I love that "superior attitude" you have. Nobody but you knows how to run a "proper test". I have already spent months analyzing what is going on. And I tracked it down to "timing jitter" and absolutely nothing else. Several have looked at the data. We've checked NPS. We restart engines after each game. The list goes on and on. The games are as independent as games can be when they use the same group of opponents and starting positions are used. There is no left over hash. No learning of any kind. No random loads on the nodes. Nothing that changes from one game to another. Carefully confirmed by hundreds of NPS checks. I even run with code in Crafty to watch this from time to time, on occasions when I run on the cluster in "open mode" (where other users can use nodes I am not using but not the nodes I am using). But these results were on a "closed system" where I was "it".
You keep wanting to say the experimental setup is wrong. I say you are full of it and need to change the channel to something that is worthwhile. Perhaps you could explain to me how even random performance noise would affect the match anyway. Isn't random timing taken care of in statistical sampling? In my books it is.
I am sorry I have to say this for the umptieth time, but this is pure nonsense. Non-determinism cannot explain these results. Only dependence of the game results can.
And I will say it for the umptieth + 1 time, there is _zero_ dependence. Why don't you tell me a methodology to make the games somehow dependent on each other in the first place. Using my program plus 5 completely unmodified open source programs (one of which is an old version of my program of course). Just tell me how to make the games "dependent". when each game is played, then two more instances of the two programs are started, sides are switched, and the game is played again.

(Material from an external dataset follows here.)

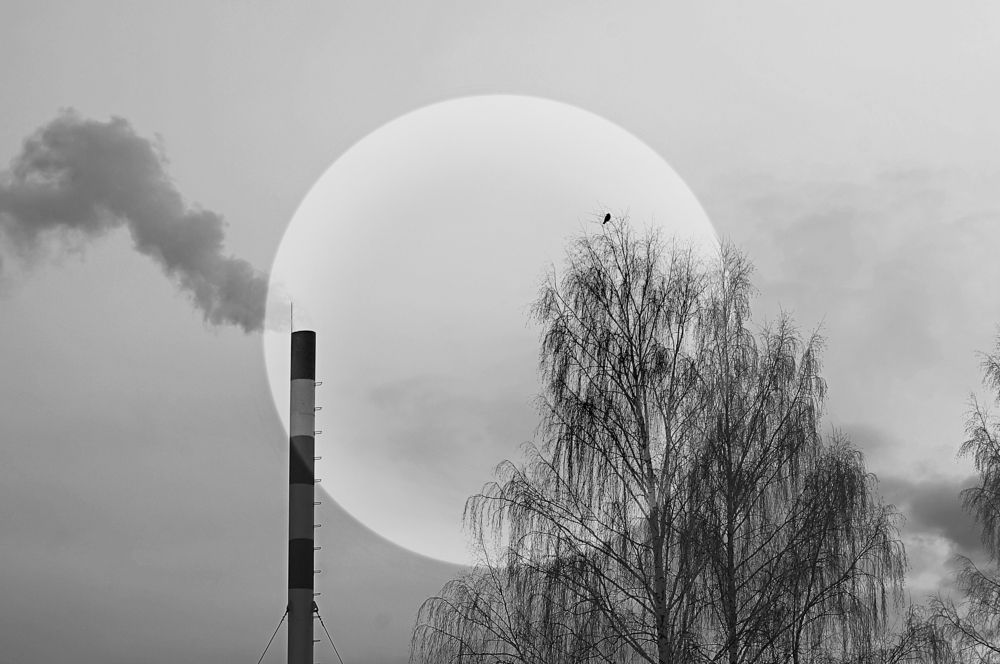 Контрасты мира.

I'm waiting on that intellectual jewel so that I might understand how it is even possible. My testing scheme (lower level this time around) goes like this: I create a pot load of simple shell scripts to run my referee program, which fires up one instance of each opponent, and connects them together much as xboard/winboard does. Once that game ends, everything terminates, and once the script ends, another one is sent to that node where it is started and plays another game. No shared data. No shared files. No interaction between nodes. No endgame tables. No nothing.
So I am waiting for you to tell me how, testing in that methodology, I might contrive an experimental setup such that the games are dependent on each other.
Once more, the runs were consecutive runs. I did not cherry-pick the wildest 4 our of hundreds of matches. I just ran 4 matches and cut/pasted the results. These results are _typical_. And most "testers" are using a similar number of opponents, playing _far_ fewer games, and then making go/no-go decisions about changes based on the results. And much of that is pure random noise.
As I said before, there was nothing suspicious about these 4 results. You have no case.